Map Reference SN14NW

Grid Reference SN14674911

Unitary (Local) Authority Pembrokeshire

Old County Pembrokeshire

Community St Dogmaels

Type of Site FISH TRAP

Broad Class MARITIME

Period Post Medieval, Medieval

Site Description 1. Large V-shaped stone fish trap sited on the foreshore of Poppit Sands, currently not fully revealed even at the lowest tides. The fish trap is constructed of stone rubble, now tumbled to a width of 3-5 metres, although dives on the trap by the late Dr Ziggy Otto in 2010 showed that individual piles or posts survived below the water line. The fish trap was first recorded during RCAHMW low-tide reconnaissance, partly through shallow water, on 1st August 2007 (image refs: AP_2007_2418-2428), following which it was recorded on Welsh Government vertical aerial photos and received wider attention.

The trap is aligned with its apex to the west and its open arms orientated south-east. The southern arm is the shorter, measuring 203m, while the northern arm measures 264m. The opening measures 200m across and the fish trap encloses a total area of 2.25 hectares. The apex is located below the low water mark at SN 1458 4916. The stub of a further short length of wall which emerges internally mid-way along the southern arm may suggest a further phase of construction.
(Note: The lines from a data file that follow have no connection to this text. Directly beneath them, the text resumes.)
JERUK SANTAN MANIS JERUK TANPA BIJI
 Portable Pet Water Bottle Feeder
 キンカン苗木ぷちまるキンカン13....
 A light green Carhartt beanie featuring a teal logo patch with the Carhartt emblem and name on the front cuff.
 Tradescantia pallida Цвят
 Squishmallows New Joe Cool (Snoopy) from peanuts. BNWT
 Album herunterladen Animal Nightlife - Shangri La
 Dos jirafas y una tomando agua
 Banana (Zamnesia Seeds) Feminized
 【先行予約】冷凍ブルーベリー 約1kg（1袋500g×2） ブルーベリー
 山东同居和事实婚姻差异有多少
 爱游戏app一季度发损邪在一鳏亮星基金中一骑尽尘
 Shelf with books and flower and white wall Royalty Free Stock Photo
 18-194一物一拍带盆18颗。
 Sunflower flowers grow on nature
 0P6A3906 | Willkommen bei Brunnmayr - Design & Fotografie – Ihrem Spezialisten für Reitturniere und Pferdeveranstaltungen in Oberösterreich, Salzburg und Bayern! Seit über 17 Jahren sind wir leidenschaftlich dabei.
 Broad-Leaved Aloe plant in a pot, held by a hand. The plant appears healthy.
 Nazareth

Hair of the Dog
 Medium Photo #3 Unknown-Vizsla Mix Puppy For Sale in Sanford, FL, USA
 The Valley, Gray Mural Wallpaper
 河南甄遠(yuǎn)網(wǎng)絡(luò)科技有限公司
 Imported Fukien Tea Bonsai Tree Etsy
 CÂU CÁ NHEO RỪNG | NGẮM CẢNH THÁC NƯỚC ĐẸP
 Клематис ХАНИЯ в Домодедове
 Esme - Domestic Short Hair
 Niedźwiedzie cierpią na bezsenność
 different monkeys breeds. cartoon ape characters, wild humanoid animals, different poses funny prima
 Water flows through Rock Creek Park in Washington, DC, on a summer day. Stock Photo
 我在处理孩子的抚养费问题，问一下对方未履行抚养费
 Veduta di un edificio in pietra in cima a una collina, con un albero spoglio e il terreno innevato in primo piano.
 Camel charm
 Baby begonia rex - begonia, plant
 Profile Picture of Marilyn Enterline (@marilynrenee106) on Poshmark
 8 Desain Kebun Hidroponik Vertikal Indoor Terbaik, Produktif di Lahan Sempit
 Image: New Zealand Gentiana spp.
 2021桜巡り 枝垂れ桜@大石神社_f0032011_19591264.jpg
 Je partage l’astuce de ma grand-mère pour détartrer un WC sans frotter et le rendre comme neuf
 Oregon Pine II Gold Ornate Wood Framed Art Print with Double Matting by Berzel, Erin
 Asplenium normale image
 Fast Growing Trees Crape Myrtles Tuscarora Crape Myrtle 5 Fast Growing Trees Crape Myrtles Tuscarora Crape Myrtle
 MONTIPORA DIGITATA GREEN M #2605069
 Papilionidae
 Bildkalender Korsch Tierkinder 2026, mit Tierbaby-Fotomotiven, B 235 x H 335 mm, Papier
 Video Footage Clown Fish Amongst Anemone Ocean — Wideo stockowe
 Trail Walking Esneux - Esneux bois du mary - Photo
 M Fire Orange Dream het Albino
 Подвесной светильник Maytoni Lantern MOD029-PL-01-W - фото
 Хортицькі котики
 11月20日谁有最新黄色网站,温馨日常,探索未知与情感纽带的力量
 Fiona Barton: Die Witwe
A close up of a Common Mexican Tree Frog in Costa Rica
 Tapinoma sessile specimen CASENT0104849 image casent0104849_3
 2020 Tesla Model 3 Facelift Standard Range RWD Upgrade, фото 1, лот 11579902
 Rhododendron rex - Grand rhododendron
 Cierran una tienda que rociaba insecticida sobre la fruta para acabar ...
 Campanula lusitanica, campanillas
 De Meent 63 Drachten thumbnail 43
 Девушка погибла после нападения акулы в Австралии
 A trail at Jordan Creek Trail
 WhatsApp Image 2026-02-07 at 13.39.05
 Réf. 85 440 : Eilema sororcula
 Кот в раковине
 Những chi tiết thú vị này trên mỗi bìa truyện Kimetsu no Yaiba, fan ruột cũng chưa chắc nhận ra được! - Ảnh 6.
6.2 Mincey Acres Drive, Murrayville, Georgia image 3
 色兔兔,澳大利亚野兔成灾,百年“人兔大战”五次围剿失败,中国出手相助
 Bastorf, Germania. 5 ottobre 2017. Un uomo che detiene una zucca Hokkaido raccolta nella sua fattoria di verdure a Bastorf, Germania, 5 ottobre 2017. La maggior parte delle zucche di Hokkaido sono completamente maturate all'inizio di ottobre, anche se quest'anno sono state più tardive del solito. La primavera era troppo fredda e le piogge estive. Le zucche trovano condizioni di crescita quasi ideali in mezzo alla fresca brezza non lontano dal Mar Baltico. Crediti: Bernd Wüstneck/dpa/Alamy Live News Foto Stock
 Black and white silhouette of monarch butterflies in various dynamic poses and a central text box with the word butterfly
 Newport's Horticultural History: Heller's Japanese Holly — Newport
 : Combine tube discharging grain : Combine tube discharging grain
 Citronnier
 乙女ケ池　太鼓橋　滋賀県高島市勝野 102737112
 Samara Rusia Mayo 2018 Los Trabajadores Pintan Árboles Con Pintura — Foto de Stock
The trap appears to be the largest fish trap on the west coast of Wales and Cardigan Bay. It is comparable in size to the large examples known at Rhos on Sea, also near Beaumaris on the Menai Strait and at Oxwich Bay Gower (NPRN 405381). The style of the trap and its position today below the low water mark suggests it may of comparable date to V-shaped traps in use around AD 1200 (described by Turner in Davidson, A, 2002, The Coastal Archaeology of Wales, CBA Research Report 131, p.104). It may possibly have been built or managed by the monks of nearby St Dogmaels Abbey in Cardigan.

T. Driver, RCAHMW, 2007 & 30th Sept 2015.
Site visit carried out on 29th September 2015 by Toby Driver, RCAHMW.

2. The trap is discussed in by James, H., 2016, Pembrokeshire County History Volume 1, pp 500-501.